Global oil benchmark, Brent crude, extended its rally on Sunday to hit the $50 per barrel mark, the third time this year. This comes as the expected return of the Forcados export terminal has helped to boost Nigeria’s planned crude oil exports this month to about 1.98 million barrels per day, the most since January.


Forcados, whose export has been suspended since February after militant attack on the export line, is one of Nigeria’s largest crude grades with an average output of about 200,000 bpd last year.

No tankers have loaded from the terminal so far, according to Bloomberg ship-tracking data. Eight cargoes are scheduled to load this month with another six planned for November.

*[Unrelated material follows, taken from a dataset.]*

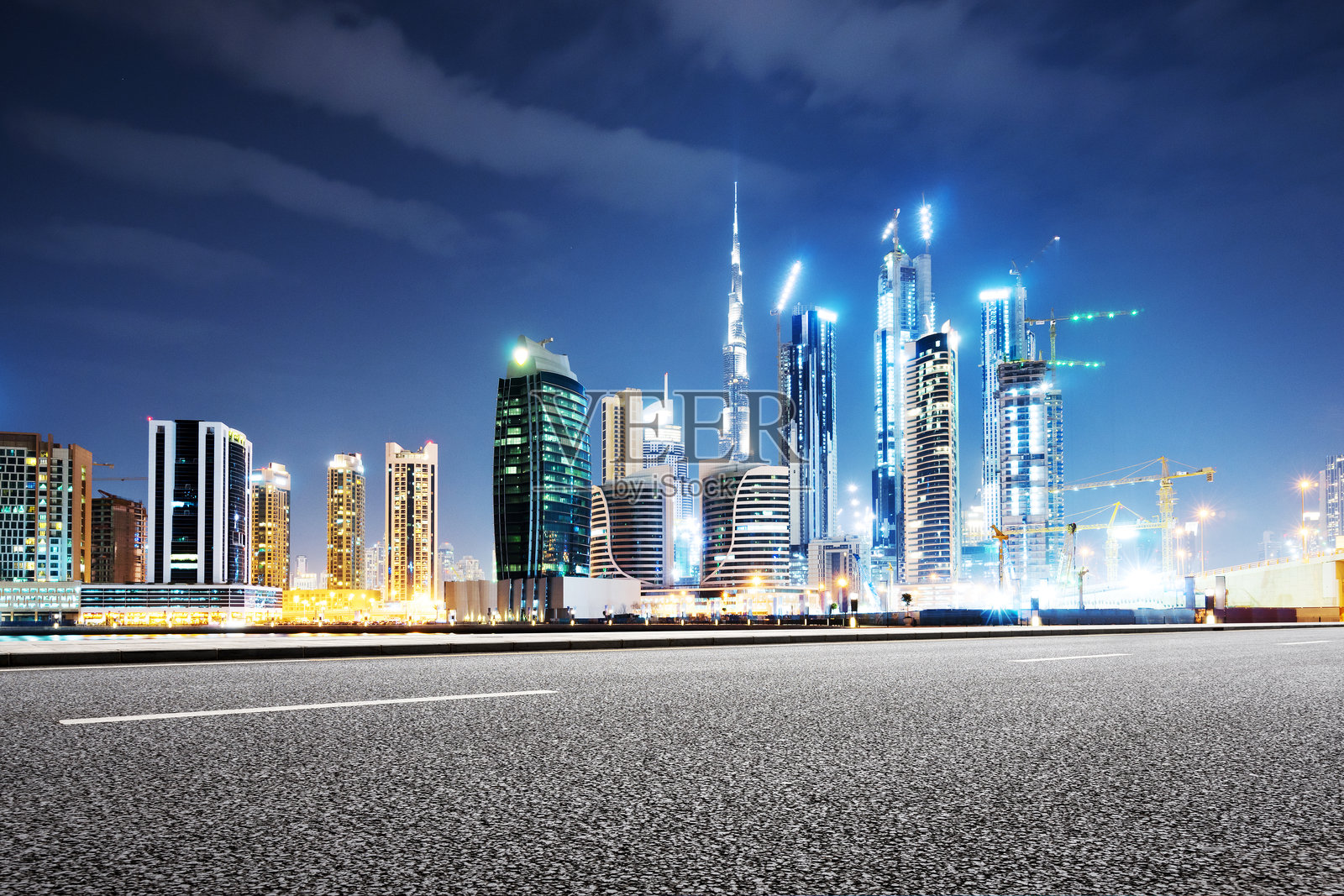 迪拜夜景城市天际线与空旷沥青道路前景照片摄影图片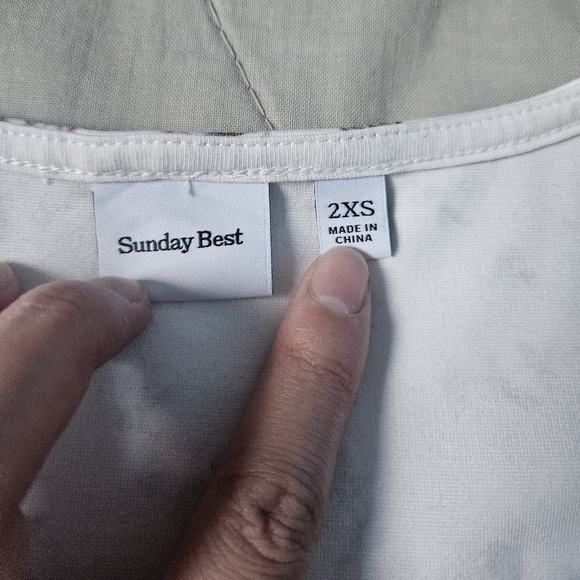 SUNDAY BEST Maverick Longsleeve White Strawberry Puff XXS Aritzia NWT - Picture 5 of 10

The recent upsurge in militant attacks in the Niger Delta pushed oil shipments, the nation’s biggest export, to as low as 1.38 million bpd in August from a high of 2.1 million bpd in January.

Oil prices have been on an uptrend since the Organisation of Petroleum Exporting Countries decided to cut output for the first time in eight years.

Brent, against which half of the world’s oil is priced, had risen to around $48 per barrel last Wednesday after OPEC agreed to reduce production, compared to $45 earlier in the day.

It stood at $50.19 per barrel as of 4.53pm Nigerian time on Sunday, up from around $49.66 per barrel on Thursday.

OPEC agreed to cut production to a range of 32.5 million barrels per day to 33 million bpd from around 33.5 million bpd.